Microsoft Office, in contrast, is a cash cow, with more than 71 million licenses sold in fiscal 2007. Microsoft last week issued a service pack for Office 2003 (the third since the product’s release) and provided a preview of the upcoming Office for Mac 2008. Microsoft’s OpenXML document formats recently failed in a first round of voting at the International Organization for Standardization, but the company remains publicly confident that once it addresses issues raised during the vote, OpenXML will become a standard in the next round of voting early next year.


HARD TO SWITCH
Life Brokerage Partners, a life insurance brokerage firm with 70-plus employees, tried migrating away from Microsoft Office to OpenOffice, but recently came back. Why? Life Brokerage couldn’t shake its dependence on Excel spreadsheets, and its partners and clients continued to use Microsoft Office. Even though OpenOffice can save files in Office formats, employees would forget to do so, resulting in complaints and resends.

What’s more, there was a learning curve with OpenOffice, and software glitches were tougher to resolve since support was relatively lacking compared with Microsoft.

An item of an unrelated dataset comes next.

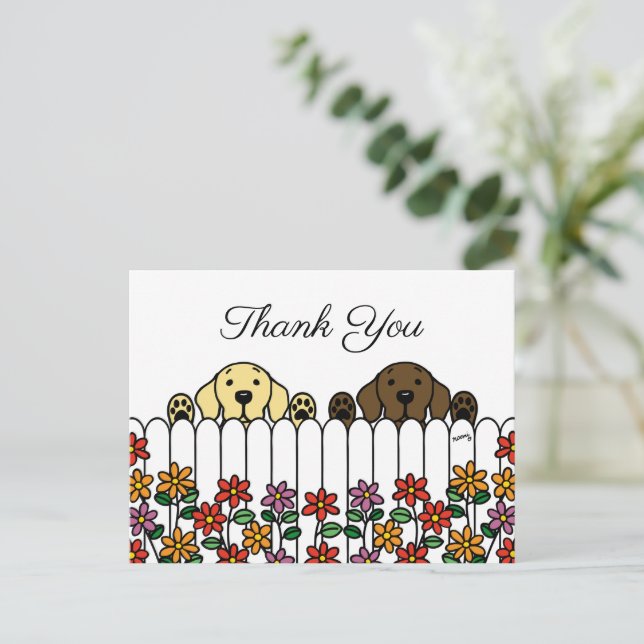 Labrador Duo Assistindo Você Obrigado Cartão Posta (Em pé/Frente)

“At the end of the day, taking users away from Microsoft is a daunting task,” says Forrester Research analyst Rob Koplowitz.

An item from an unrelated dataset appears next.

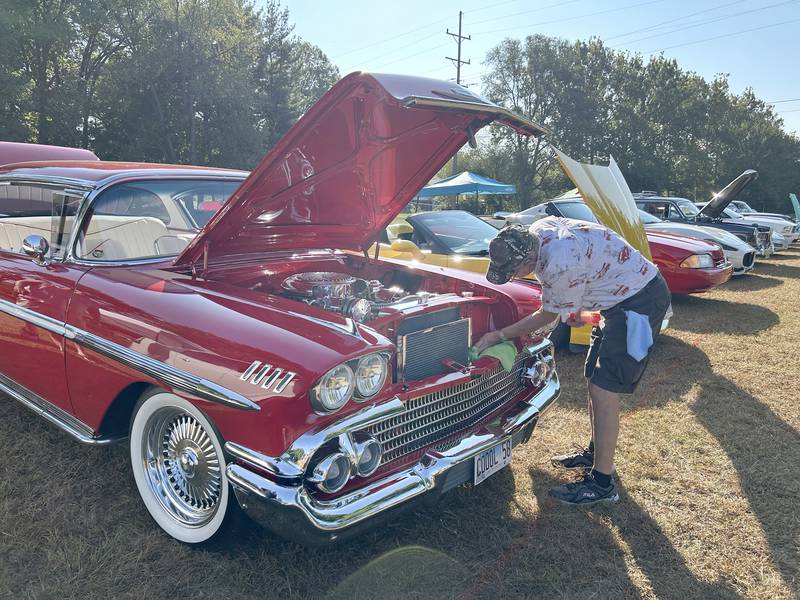Classic cars were on display at the Focus House Foundation Car Show held during Autumn on Parade on Saturday, Oct. 4, 2025 in Oregon. This 1958 Chevy Bel Air beauty is owned by Dennis Guither of Princeton.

Microsoft’s glaring weakness is that its desktop apps are just that—available only on PCs and laptops. Microsoft doesn’t have an answer to Google Docs. Office Live is the name given to hosted services for small businesses, not Web apps for a broad audience. And the collaboration features that do work with Office are a function of SharePoint Server and Communications Server, not the Office applications themselves.

Presumably, it’s only a matter of time before Microsoft comes out with online productivity apps of its own. Until it does, however, the up-and-coming alternatives can do some things Microsoft Office can’t.